The investigation of compound KFe(C₂O₄)F was the impetus for this work as it was found to have interesting frustrated magnetic properties and became the first member of a family of transition metal oxalate fluorides which could be chemically tailored by cation substitution. Work to expand this family was undertaken to determine whether any other members exhibited novel magnetic properties. Depending on the cations and transition metals used, compounds with two distinct chemical formulae were synthesised; AM(C₂O₄)F and A₂M₂(C₂O₄)F₄ (A = K+, Rb+, Cs+, NH₄+; M = Mn²+, Fe²+, Co²+). Six compounds were isolated with the AM(C₂O₄)F formula; (NH₄)Mn(C₂O₄)F, KCo(C₂O₄)F, CsCo(C₂O₄)F, CsFe(C₂O₄)F, (NH₄)Fe(C₂O₄)F, and RbFe(C₂O₄)F while a further two were represented by the formula A2M2(C₂O₄)F₄; Cs₂Mn₂(C₂O₄)F₄ and (NH₄)₂Co₂(C₂O₄)F₄.

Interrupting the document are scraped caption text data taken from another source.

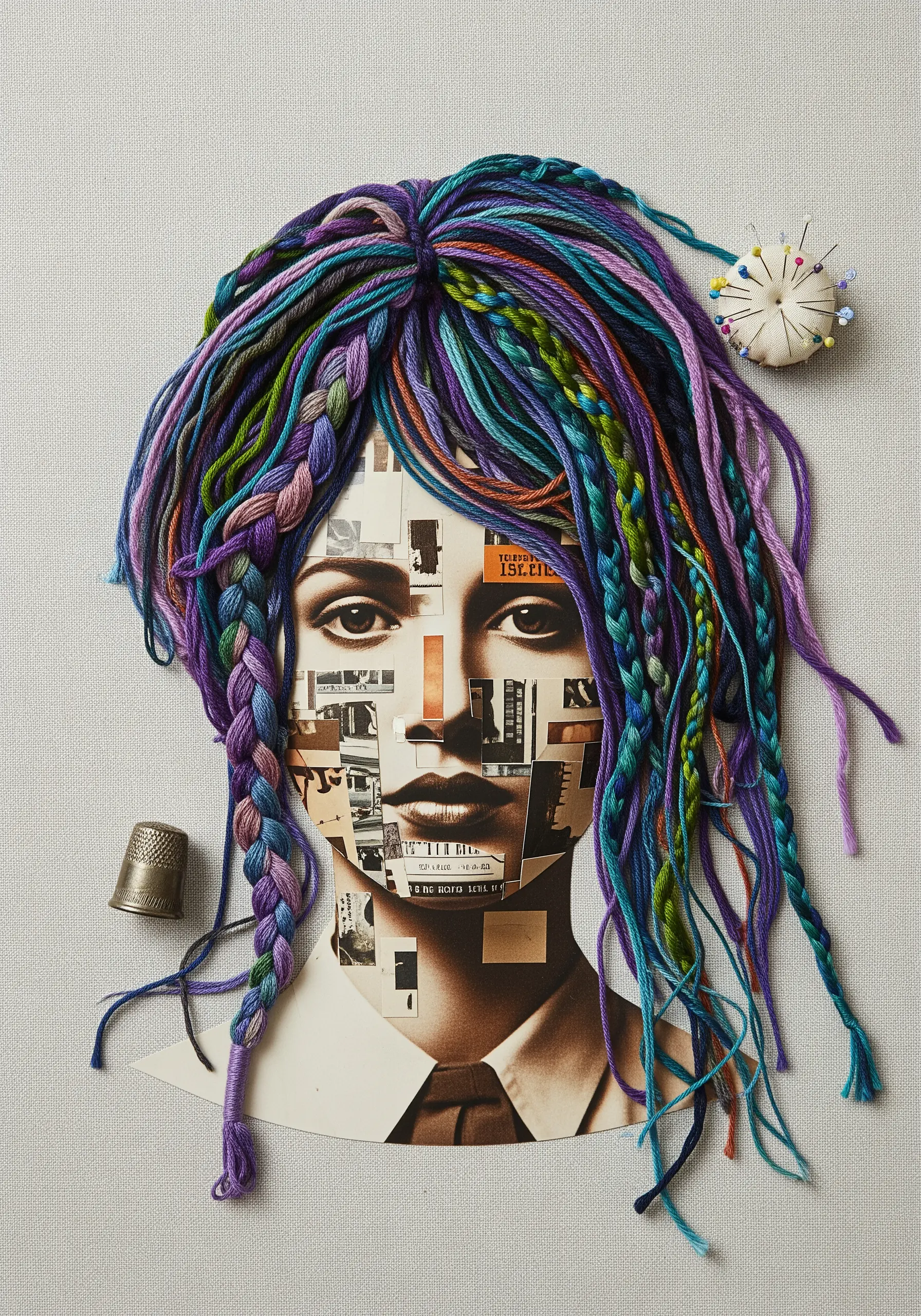 Paper collage portrait with textured, multi-colored yarn stitched on to create 3D hair.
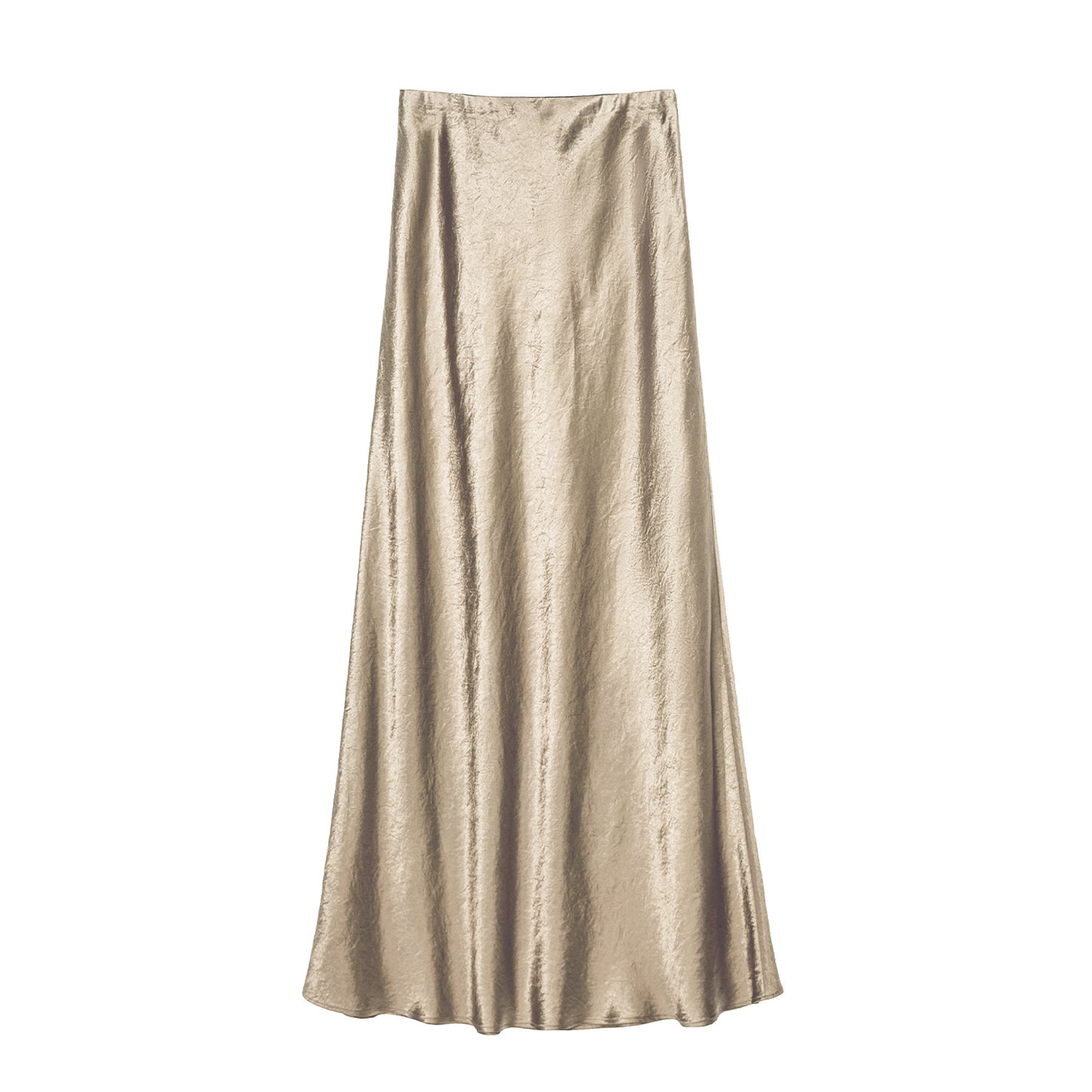 High Waist A-Line Silhouette Satin Maxi Skirt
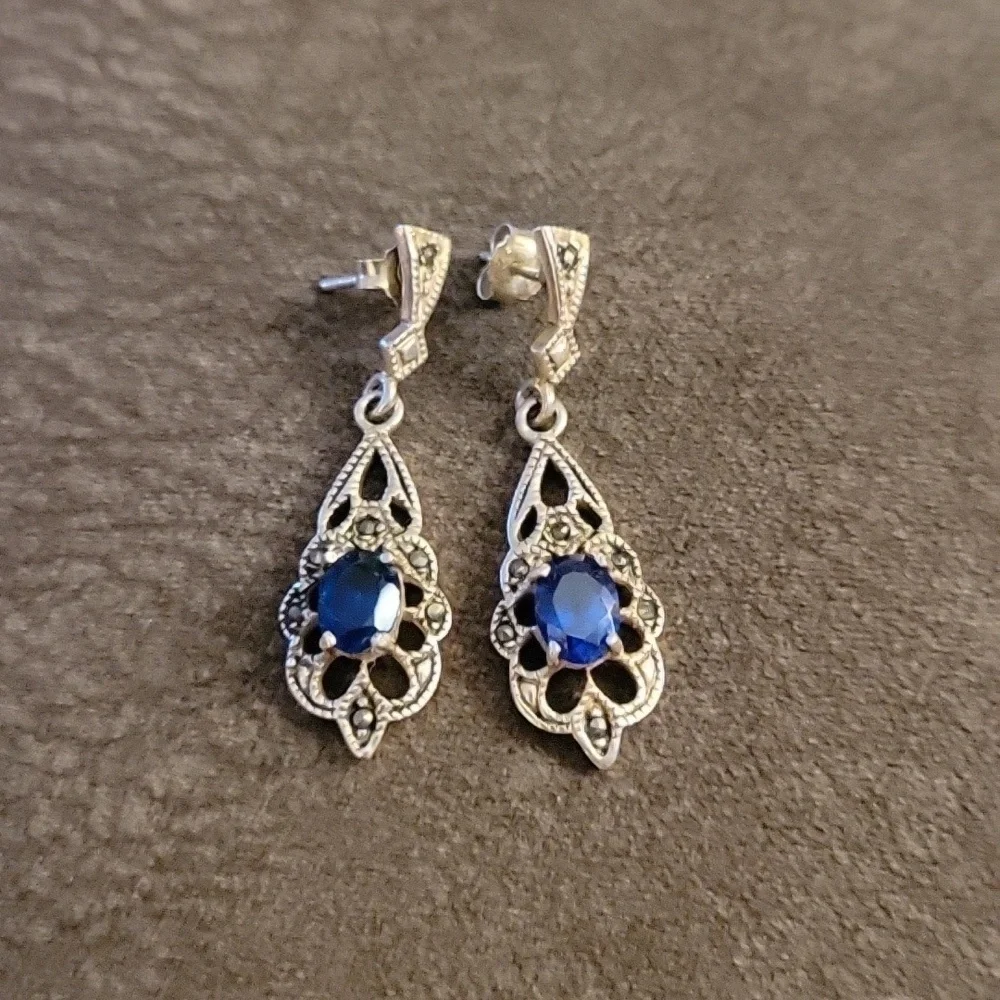 VTG Victorian Sterling Silver Blue Crystal Marcasite Formal Bridal Earrings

Through powder and single crystal X-ray diffraction, the AM(C₂O₄)F compounds could be divided into those with Pmmm space group symmetry [CsCo(C₂O₄)F and CsFe(C₂O₄)F], those with Pmc21 space group symmetry [(NH4)Mn(C₂O₄)F and RbFe(C₂O₄)F] and those with Cmc2₁ space group symmetry [KCo(C₂O₄)F and (NH4)Fe(C₂O₄)F]. A₂M₂(C₂O₄)F₄ compounds [Cs₂Mn₂(C₂O₄)F₄ and (NH₄)₂Co₂(C₂O₄)F₄] were found to crystalise with Cmmm space group symmetry.

The magnetic properties of all eight compounds were investigated initially by SQUID magnetometry, followed by elastic neutron diffraction to determine their magnetic ordering and structure. Additionally; CsCo(C₂O₄)F, CsFe(C₂O₄)F, Cs2Mn₂(C₂O₄)F₄ and (NH₄)₂Co₂(C₂O₄)F₄ were further investigated by µSR to probe spin behaviour over longer timescales. Neutron spectroscopy measurements were also taken for CsCo(C₂O₄)F and CsFe(C₂O₄)F to search for magnon excitations across temperature and energy ranges.